Skip to content

CombineColumns

Combines columns from a list of StepInput.

CombineColumns is a Step that implements the process method that calls the combine_dicts function to handle and combine a list of StepInput. Also CombineColumns provides two attributes columns and output_columns to specify the columns to merge and the output columns which will override the default value for the properties inputs and outputs, respectively.

Attributes

  • columns: List of strings with the names of the columns to merge.

  • output_columns: Optional list of strings with the names of the output columns.

Input & Output Columns

graph TD
    subgraph Dataset
        subgraph Columns
            ICOL0[dynamic]
        end
        subgraph New columns
            OCOL0[dynamic]
        end
    end

    subgraph CombineColumns
        StepInput[Input Columns: dynamic]
        StepOutput[Output Columns: dynamic]
    end

    ICOL0 --> StepInput
    StepOutput --> OCOL0
    StepInput --> StepOutput

Inputs

  • dynamic (determined by columns attribute): The columns to merge.

Outputs

  • dynamic (determined by columns and output_columns attributes): The columns that were merged.

Examples

Combine columns of a dataset

from distilabel.steps import CombineColumns

combine_columns = CombineColumns(
    name="combine_columns",
    columns=["generation", "model_name"],
)
combine_columns.load()

result = next(
    combine_columns.process(
        [{"generation": "AI generated text"}, {"model_name": "my_model"}],
        [{"generation": "Other generated text", "model_name": "my_model"}]
    )
)
# >>> result
# [{'merged_generation': ['AI generated text', 'Other generated text'], 'merged_model_name': ['my_model']}]

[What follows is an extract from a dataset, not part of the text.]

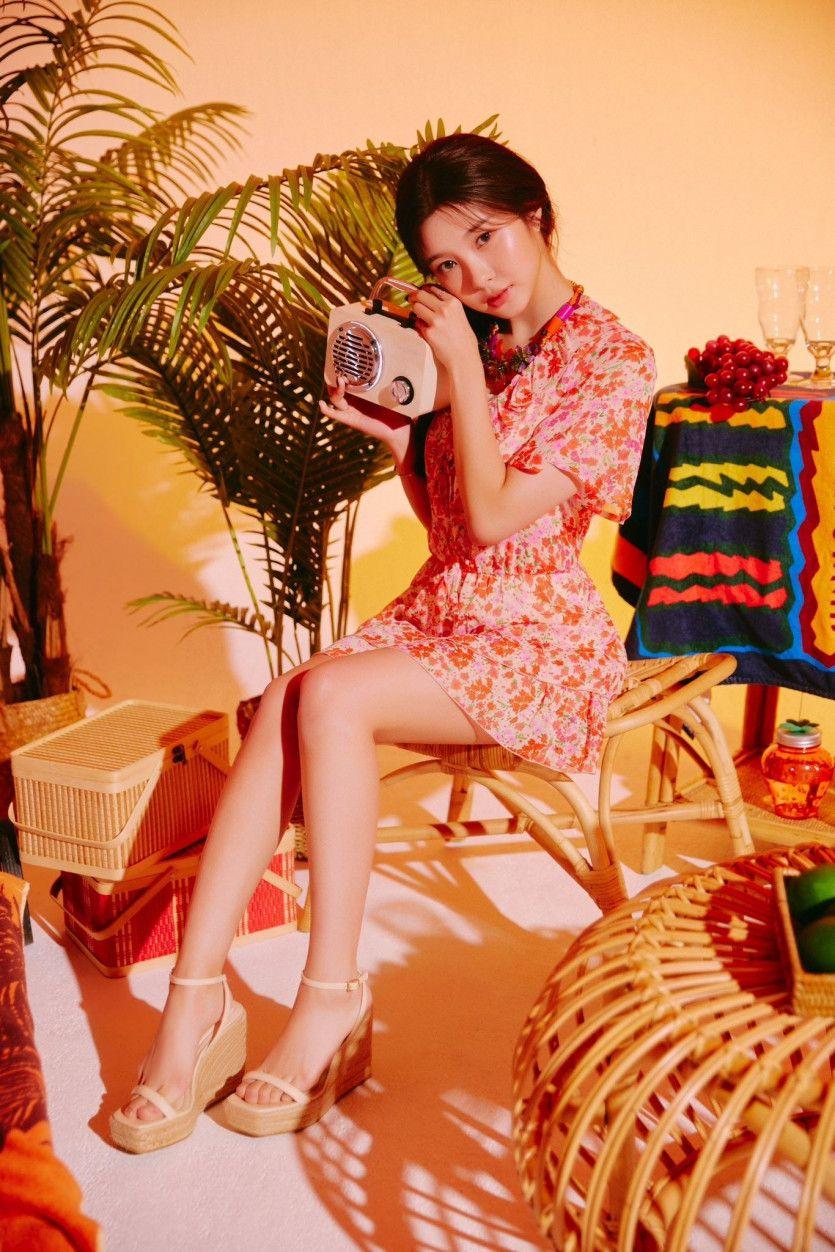 Kep1er Dayeon1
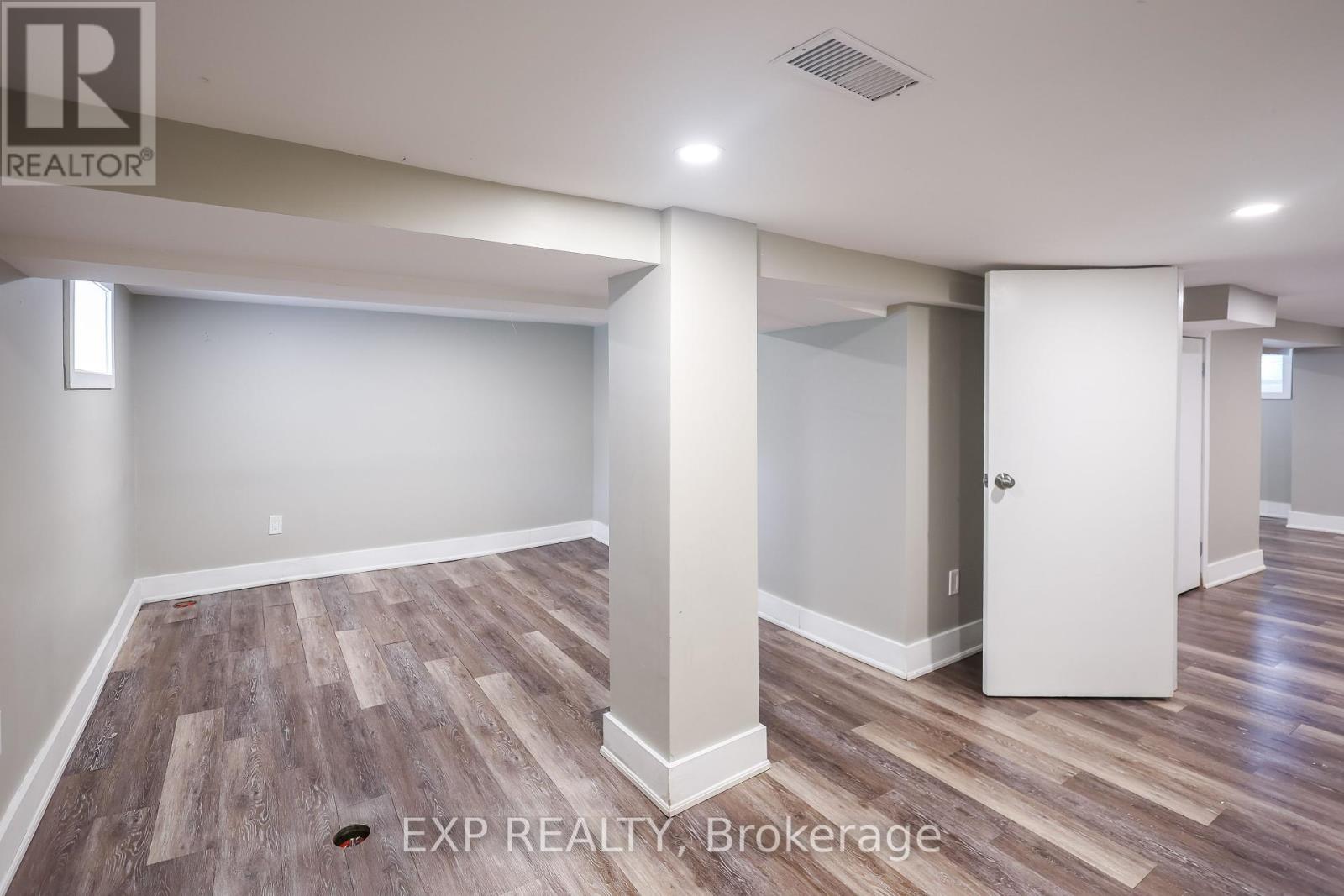 29 Ashley Street, Hamilton, Ontario  L8L 5S5 - Photo 27 - X12317892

Specify the name of the output columns

from distilabel.steps import CombineColumns

combine_columns = CombineColumns(
    name="combine_columns",
    columns=["generation", "model_name"],
    output_columns=["generations", "generation_models"]
)
combine_columns.load()

result = next(
    combine_columns.process(
        [{"generation": "AI generated text"}, {"model_name": "my_model"}],
        [{"generation": "Other generated text", "model_name": "my_model"}]
    )
)
# >>> result
#[{'generations': ['AI generated text', 'Other generated text'], 'generation_models': ['my_model']}]